Supplied entries

-.-.-

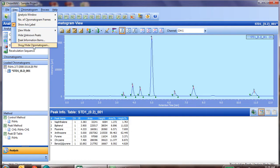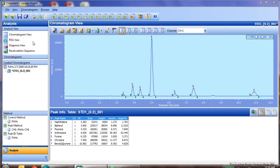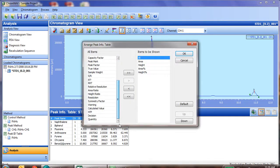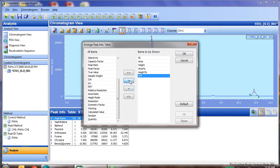So if we go to view, peak information items, and if we scroll down, we'll see we have the number of theoretical plates, which is what we're using to base our formula on, as well as the decision.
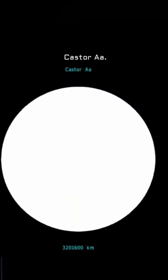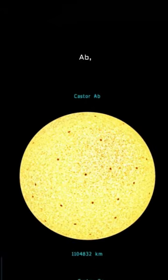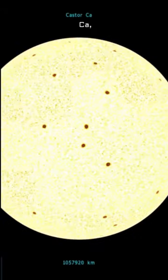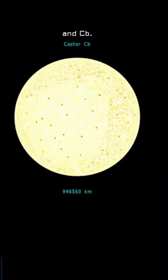They are the creatively named Castor AA, AB, BA, BB, CA, and CB. In the night sky, however, Castor appears as one bright star.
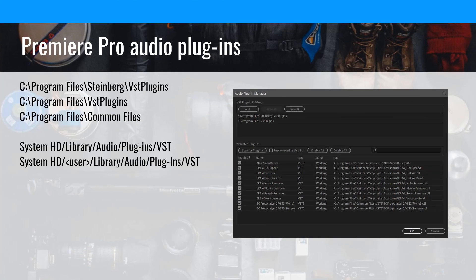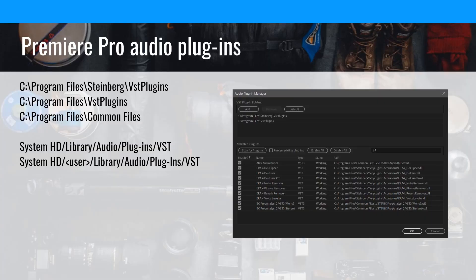The last thing I want to show you is where audio plugins are stored by default. On Windows, they can be in three default locations. Steinberg is the company that invented the VST format — that's why you'll see Steinberg referenced. VST has been a widely supported audio plugin format forever, and Adobe uses it. On Windows you'll find a Steinberg folder, a VST Plugins folder, and a Common Files folder. On Mac, it's in the Library, Audio, Plugin, VST. This is the one type where you can manually create a new directory and point Premiere Pro to it.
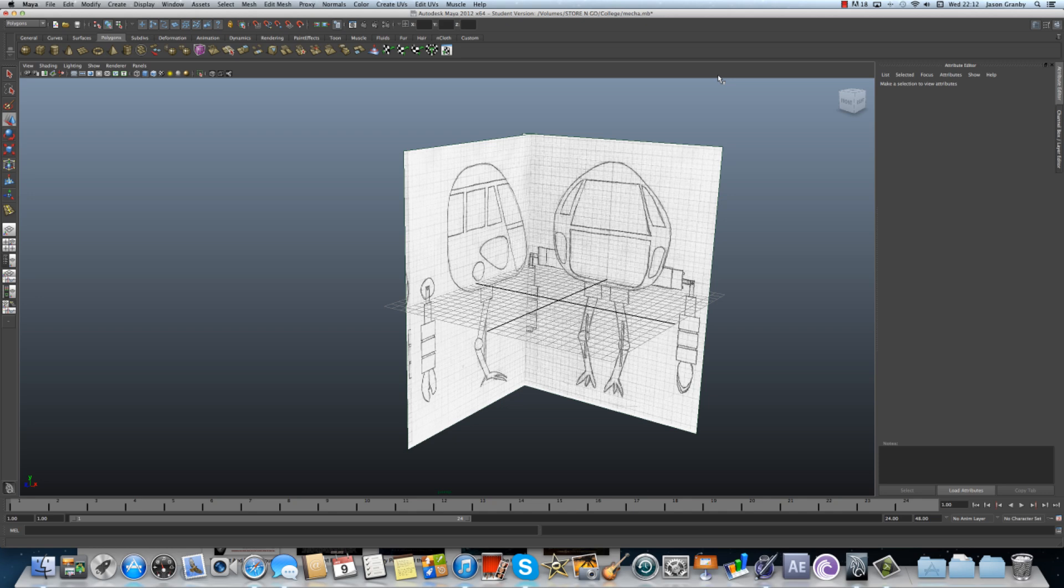What's up guys, Jason Granby here with another edition of Maya Best Bits. I'm going to be doing a college project today for the help of my college students. We are all just starting to do a mecha robot tutorial.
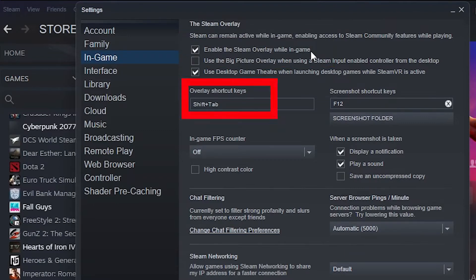You can also check if you are pressing the correct overlay shortcut keys. You can also change them if you want.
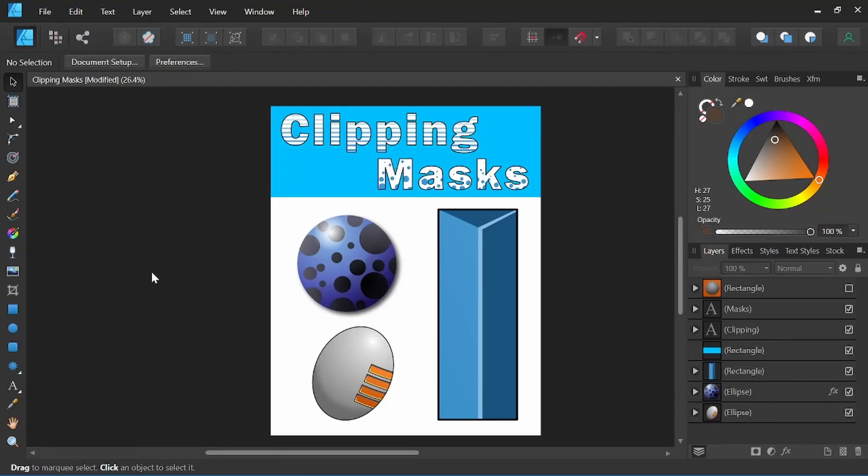Hey everyone, it's Nick Valenti with NJ Valenti Art and in today's video I'm going to show you how to use clipping masks in Affinity Designer.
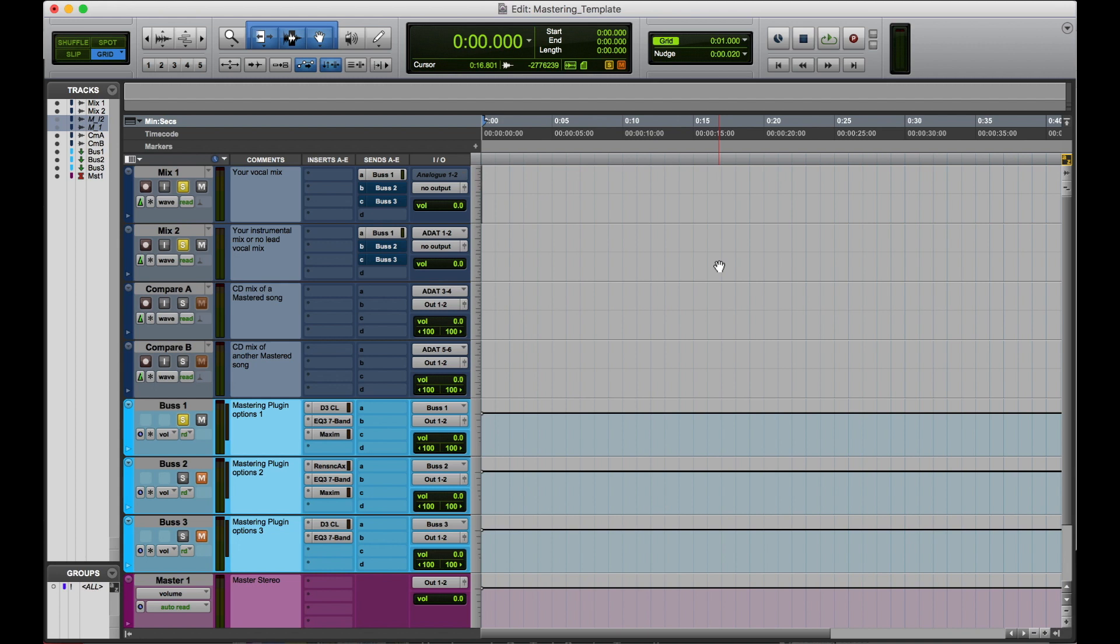So let's say, even on your master fader, if you have Ozone 8, you can throw the Ozone 8 on the master fader while you tweak all the other buses to get your perfect mix, while you can go up here and reference your other songs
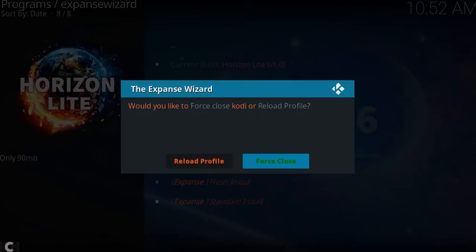There you go. It's downloaded and extracted. So what you can do now is force close.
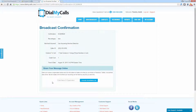We have just synced our Constant Contact subscription list with Dial My Calls and sent out all of those subscribers a voice broadcast. If you have any questions regarding the integration between Constant Contact and Dial My Calls, please feel free to give us a call at 800-928-2086 or send us an email to support@dialmycalls.com. Thank you and have a great day.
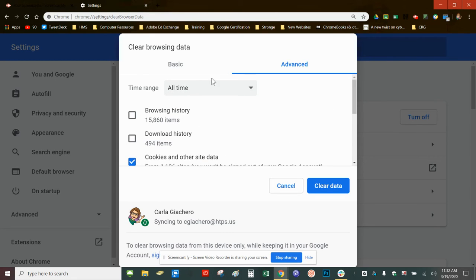Always make sure the time range says all time before choosing clear data.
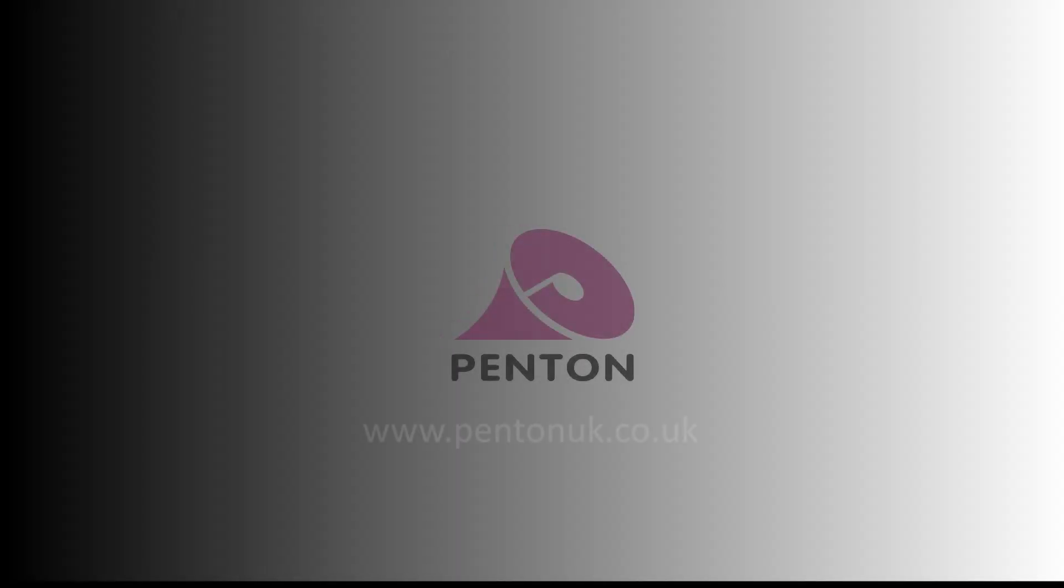Please make sure you subscribe to our Penton UK channel for updates on further Terracom training videos. Thank you for watching.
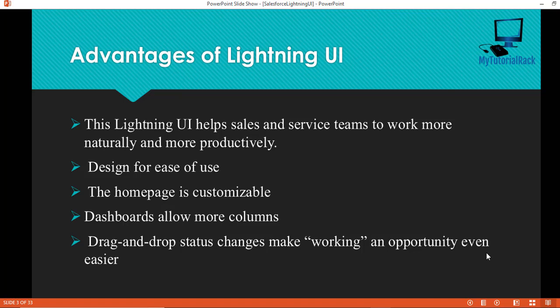The Lightning UI is very easy to use and highly customizable. Based on what you want to see, you can customize your home page, your app page, and your record page. The home page is customizable, dashboards give you more columns so you can add more components, and there is drag-and-drop status changes on opportunities — you can move an opportunity's status just by dragging and dropping. These are some of the key advantages of the Lightning UI.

-.-.-

Your copy of the entries above must be exact and must not include pictures.

Solution to the problem
So if we go to view, peak information items, and if we scroll down, we'll see we have the number of theoretical plates, which is what we're using to base our formula on, as well as the decision.
They are the creatively named Castor AA, AB, BA, BB, CA, and CB. In the night sky, however, Castor appears as one bright star.
The last thing I want to show you is where audio plugins are stored by default. On Windows, they can be in three default locations. Steinberg is the company that invented the VST format — that's why you'll see Steinberg referenced. VST has been a widely supported audio plugin format forever, and Adobe uses it. On Windows you'll find a Steinberg folder, a VST Plugins folder, and a Common Files folder. On Mac, it's in the Library, Audio, Plugin, VST. This is the one type where you can manually create a new directory and point Premiere Pro to it.
What's up guys, Jason Granby here with another edition of Maya Best Bits. I'm going to be doing a college project today for the help of my college students. We are all just starting to do a mecha robot tutorial.
You can also check if you are pressing the correct overlay shortcut keys. You can also change them if you want.
Hey everyone, it's Nick Valenti with NJ Valenti Art and in today's video I'm going to show you how to use clipping masks in Affinity Designer.
So let's say, even on your master fader, if you have Ozone 8, you can throw the Ozone 8 on the master fader while you tweak all the other buses to get your perfect mix, while you can go up here and reference your other songs
There you go. It's downloaded and extracted. So what you can do now is force close.
We have just synced our Constant Contact subscription list with Dial My Calls and sent out all of those subscribers a voice broadcast. If you have any questions regarding the integration between Constant Contact and Dial My Calls, please feel free to give us a call at 800-928-2086 or send us an email to support@dialmycalls.com. Thank you and have a great day.
Always make sure the time range says all time before choosing clear data.
Please make sure you subscribe to our Penton UK channel for updates on further Terracom training videos. Thank you for watching.
The Lightning UI is very easy to use and highly customizable. Based on what you want to see, you can customize your home page, your app page, and your record page. The home page is customizable, dashboards give you more columns so you can add more components, and there is drag-and-drop status changes on opportunities — you can move an opportunity's status just by dragging and dropping. These are some of the key advantages of the Lightning UI.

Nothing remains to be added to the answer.